## Task brief
Count the lines in the entries that contain the string "Apartment". State nothing but the number.

## The records
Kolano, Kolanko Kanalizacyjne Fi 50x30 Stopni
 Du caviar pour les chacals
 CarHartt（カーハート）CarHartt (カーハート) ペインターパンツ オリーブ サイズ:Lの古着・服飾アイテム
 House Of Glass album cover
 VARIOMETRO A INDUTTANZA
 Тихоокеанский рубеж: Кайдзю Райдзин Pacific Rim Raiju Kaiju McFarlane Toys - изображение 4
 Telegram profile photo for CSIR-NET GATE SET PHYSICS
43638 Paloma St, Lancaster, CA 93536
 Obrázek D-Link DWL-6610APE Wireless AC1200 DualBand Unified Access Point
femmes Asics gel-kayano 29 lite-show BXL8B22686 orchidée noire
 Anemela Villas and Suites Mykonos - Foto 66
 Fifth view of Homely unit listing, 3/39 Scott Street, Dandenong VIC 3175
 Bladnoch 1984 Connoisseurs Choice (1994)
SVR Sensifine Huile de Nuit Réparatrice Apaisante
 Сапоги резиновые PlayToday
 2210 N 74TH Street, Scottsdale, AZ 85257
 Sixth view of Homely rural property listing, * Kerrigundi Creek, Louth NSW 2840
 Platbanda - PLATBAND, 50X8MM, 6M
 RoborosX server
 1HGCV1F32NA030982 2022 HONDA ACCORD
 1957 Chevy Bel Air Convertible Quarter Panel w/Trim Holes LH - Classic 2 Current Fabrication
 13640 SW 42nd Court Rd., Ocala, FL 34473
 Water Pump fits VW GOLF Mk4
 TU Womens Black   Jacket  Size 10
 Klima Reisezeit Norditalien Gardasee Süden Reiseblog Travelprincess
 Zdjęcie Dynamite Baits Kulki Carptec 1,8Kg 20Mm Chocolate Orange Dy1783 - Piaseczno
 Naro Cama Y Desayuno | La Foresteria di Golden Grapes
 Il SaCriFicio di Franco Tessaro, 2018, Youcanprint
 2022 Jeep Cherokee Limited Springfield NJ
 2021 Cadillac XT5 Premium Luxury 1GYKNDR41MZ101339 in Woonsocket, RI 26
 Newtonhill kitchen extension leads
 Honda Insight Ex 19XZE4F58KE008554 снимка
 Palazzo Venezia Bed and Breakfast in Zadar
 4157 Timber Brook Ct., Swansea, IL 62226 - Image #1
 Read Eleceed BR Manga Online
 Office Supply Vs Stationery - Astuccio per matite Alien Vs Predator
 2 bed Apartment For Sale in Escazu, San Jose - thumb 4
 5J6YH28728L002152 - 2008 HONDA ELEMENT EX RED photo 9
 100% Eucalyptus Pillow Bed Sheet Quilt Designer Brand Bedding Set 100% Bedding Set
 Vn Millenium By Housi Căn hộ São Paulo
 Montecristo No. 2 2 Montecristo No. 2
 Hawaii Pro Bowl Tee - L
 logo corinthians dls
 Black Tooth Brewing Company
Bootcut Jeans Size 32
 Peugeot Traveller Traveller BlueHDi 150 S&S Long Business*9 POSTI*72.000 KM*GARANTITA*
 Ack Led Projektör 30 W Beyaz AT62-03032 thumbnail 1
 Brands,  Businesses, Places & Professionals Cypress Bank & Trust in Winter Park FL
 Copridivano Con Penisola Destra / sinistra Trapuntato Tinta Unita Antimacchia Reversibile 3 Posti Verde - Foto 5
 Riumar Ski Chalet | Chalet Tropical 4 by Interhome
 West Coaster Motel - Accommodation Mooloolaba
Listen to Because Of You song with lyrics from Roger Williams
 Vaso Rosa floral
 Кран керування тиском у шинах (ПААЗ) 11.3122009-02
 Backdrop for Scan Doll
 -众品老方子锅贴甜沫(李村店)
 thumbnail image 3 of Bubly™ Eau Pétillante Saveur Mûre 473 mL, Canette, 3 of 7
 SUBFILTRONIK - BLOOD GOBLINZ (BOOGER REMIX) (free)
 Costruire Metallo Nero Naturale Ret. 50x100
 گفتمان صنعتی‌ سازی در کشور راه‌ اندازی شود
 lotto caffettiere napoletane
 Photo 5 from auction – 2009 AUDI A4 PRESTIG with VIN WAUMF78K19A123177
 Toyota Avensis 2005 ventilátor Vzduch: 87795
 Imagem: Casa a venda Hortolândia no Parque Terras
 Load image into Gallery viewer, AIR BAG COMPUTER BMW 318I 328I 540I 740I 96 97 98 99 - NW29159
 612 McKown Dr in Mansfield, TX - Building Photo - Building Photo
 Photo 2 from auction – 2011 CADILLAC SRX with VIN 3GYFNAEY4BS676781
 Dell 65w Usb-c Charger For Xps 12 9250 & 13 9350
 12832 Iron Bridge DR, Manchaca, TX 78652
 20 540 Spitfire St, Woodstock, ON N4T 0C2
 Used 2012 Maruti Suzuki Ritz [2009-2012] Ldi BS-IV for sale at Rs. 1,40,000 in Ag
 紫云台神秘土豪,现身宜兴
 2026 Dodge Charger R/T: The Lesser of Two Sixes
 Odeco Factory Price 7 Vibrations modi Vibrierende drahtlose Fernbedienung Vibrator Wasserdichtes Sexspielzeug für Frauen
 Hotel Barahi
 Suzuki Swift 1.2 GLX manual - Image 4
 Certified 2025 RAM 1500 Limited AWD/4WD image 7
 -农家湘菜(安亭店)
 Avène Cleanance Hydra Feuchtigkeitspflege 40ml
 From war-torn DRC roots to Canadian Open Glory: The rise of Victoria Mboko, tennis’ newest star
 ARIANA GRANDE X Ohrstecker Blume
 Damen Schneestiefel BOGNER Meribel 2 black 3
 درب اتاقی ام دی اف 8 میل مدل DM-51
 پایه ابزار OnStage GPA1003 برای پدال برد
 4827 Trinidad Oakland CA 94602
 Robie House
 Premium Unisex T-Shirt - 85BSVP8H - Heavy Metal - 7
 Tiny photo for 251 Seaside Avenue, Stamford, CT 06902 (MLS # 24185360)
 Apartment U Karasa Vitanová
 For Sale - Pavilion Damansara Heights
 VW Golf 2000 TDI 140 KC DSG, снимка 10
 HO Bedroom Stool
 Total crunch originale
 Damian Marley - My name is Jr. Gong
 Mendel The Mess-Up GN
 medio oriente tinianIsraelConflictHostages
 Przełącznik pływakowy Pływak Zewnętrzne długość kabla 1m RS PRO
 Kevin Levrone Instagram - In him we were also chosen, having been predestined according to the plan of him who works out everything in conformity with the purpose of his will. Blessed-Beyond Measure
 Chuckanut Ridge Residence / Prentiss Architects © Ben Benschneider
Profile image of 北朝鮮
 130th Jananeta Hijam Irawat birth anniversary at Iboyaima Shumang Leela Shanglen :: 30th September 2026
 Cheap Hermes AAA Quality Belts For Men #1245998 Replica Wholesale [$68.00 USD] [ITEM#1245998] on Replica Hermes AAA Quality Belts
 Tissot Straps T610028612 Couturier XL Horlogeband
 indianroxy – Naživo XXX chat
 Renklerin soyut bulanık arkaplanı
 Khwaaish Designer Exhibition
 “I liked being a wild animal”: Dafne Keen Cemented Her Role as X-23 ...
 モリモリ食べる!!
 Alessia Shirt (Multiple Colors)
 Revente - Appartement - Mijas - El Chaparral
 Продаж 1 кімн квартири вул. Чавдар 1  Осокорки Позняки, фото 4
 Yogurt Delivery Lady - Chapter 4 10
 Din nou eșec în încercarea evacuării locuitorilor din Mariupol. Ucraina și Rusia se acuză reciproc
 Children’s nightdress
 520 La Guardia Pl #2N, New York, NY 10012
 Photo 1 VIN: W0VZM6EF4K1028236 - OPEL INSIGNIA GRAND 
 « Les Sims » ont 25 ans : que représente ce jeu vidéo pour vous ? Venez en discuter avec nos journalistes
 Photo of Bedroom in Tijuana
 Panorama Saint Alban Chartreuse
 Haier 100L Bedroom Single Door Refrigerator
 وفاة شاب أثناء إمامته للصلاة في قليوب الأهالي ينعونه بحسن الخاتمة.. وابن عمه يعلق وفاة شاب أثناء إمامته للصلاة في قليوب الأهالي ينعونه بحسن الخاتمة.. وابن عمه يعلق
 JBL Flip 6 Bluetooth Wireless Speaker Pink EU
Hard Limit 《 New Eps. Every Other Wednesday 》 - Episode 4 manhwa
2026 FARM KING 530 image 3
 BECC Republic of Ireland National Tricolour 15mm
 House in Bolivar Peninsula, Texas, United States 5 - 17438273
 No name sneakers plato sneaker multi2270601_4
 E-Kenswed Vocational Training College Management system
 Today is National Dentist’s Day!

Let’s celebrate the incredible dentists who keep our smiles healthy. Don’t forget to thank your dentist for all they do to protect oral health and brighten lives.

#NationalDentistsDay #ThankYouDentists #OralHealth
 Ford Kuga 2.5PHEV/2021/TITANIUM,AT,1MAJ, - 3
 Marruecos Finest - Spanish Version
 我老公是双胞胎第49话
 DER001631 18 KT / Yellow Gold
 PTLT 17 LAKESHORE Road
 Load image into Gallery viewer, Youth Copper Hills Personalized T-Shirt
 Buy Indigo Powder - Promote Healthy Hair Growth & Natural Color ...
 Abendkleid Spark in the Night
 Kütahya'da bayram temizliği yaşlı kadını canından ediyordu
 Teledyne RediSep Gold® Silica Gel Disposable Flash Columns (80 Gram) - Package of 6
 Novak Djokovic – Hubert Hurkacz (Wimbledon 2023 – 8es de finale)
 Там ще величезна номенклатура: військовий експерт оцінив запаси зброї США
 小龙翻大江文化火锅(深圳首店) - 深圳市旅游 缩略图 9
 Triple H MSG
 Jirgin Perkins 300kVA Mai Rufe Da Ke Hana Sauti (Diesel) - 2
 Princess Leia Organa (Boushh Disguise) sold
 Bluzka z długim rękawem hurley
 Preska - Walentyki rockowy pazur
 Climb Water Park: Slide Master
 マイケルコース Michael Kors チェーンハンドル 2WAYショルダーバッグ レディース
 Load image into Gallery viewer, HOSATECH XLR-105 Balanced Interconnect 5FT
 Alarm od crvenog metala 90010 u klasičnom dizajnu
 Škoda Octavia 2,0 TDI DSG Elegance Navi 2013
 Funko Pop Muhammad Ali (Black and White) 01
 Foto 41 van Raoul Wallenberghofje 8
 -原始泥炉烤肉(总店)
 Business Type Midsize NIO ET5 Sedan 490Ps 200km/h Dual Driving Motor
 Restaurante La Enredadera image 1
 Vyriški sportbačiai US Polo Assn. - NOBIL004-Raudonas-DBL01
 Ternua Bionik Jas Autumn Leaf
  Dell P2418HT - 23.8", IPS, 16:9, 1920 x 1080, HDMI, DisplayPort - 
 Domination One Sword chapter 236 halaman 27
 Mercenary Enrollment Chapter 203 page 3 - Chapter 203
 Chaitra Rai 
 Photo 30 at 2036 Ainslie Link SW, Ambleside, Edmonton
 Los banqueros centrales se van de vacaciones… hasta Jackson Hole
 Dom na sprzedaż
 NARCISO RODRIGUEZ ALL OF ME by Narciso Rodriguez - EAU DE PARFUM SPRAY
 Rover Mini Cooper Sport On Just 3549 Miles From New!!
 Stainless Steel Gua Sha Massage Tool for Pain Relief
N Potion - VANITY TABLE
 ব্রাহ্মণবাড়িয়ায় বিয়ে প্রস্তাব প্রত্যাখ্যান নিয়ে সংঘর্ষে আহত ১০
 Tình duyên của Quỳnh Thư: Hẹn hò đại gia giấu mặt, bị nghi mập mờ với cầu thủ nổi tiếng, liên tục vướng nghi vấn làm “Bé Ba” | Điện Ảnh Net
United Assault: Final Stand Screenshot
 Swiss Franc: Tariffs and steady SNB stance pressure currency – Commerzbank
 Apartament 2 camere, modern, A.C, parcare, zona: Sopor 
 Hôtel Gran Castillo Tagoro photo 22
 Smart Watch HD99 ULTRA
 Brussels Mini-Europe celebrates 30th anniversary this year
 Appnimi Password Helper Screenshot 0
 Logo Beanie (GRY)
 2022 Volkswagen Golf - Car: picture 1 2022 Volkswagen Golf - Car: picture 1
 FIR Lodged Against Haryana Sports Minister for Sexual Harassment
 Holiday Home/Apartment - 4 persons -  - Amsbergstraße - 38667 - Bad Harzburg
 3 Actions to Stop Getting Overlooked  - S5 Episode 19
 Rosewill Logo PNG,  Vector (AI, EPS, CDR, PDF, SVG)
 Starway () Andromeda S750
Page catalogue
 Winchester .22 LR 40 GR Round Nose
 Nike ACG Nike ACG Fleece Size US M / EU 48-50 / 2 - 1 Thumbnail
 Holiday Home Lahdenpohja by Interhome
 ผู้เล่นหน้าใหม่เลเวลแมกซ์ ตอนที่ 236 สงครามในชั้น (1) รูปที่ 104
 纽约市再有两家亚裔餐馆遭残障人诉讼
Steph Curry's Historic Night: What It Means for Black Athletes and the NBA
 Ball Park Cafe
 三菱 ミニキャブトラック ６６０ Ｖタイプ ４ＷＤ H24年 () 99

## Result of this exercise
3